駿は免許はとっていないので、それを口にすべきか考えた。だが神酒は真っ直ぐに運転席に向かった。駿は助手席のドアを開けると車高の高い高機動車に飛び上がるように乗り込んだ。
「私は神酒。特殊作戦群第5中隊所属よ」
駿は早速疑問を抱くことになった。
特殊作戦群はその名の通り特殊作戦を実施する特殊部隊だ。だから経験を積んだ隊員が選抜されて編成されている。普通なら駿に用事はないはずだった。
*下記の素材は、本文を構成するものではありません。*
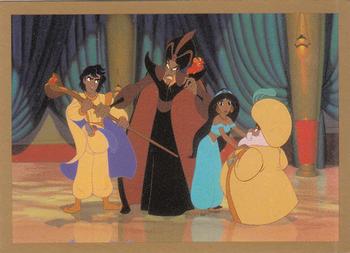 1993 SkyBox Aladdin #61 Jafar's treachery exposed ... Front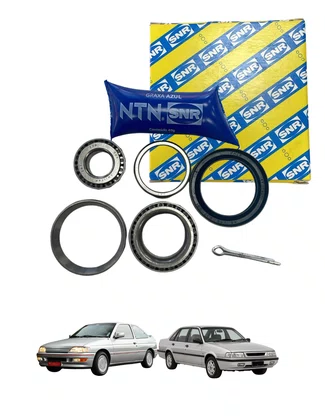 ROLAMENTO DE RODA TRASEIRA ESCORT 1983/1993 APOLLO 1990/1992
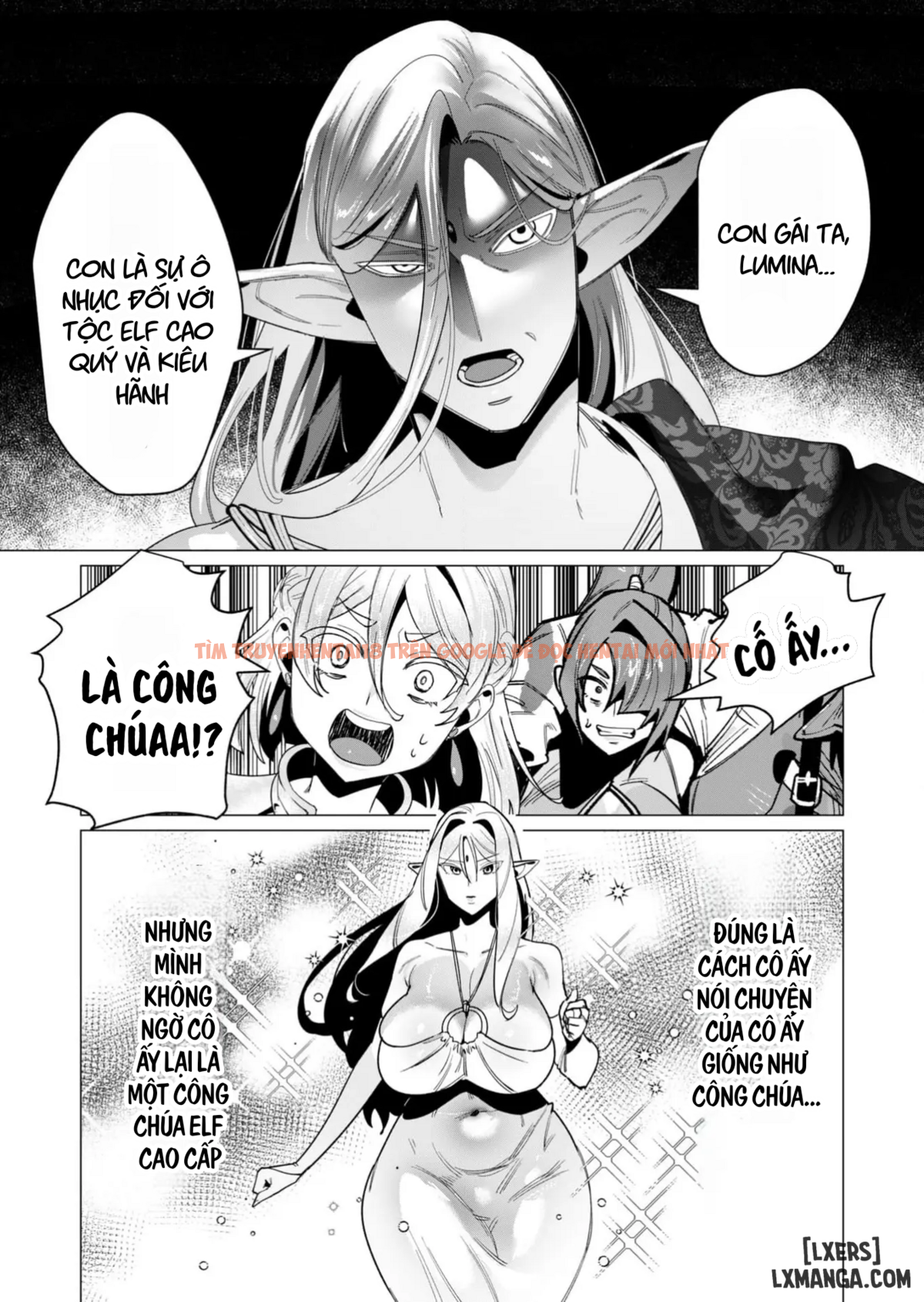 Trang truyện 19 trong truyện tranh The Hero Wants A Married Woman As A Reward - Chapter 15 : Dũng Sĩ và lời nguyền Dark Elf (Phần 2) - zhentaivn.pro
「新兵が特殊作戦群に配属されることはないって聞いてましたが……」
車は駐屯地の正門を抜けて真っ直ぐに進んだ。回りはプレハブの建物ばかりだった。
「良く知ってるわね。確かに普通はそう」
彼女はそう言うと一瞬間を開けた。
「でも、あなたは選抜される可能性があるわ」
彼女は可能性と言った。まだ配属が決った訳ではないらしい。当然、選抜されない可能性もあるのだろう。
駿は彼にだけ配属先が告げられなかった理由を少しだけ理解した。決まるのはこれからということなのだ。
「何か試験を受けるんでしょうか?」
「そう。荷物を置いた後でね」
神酒が車を止めた先は、これまたプレハブ作りの外来宿舎だった。
「時間が押しているから直ぐに移動するわ。小銃も置いてきてちょうだい」
「どこに行くんでしょうか?」
車を降りながら問いかけると、回答は駿の不安を増加させるものだった。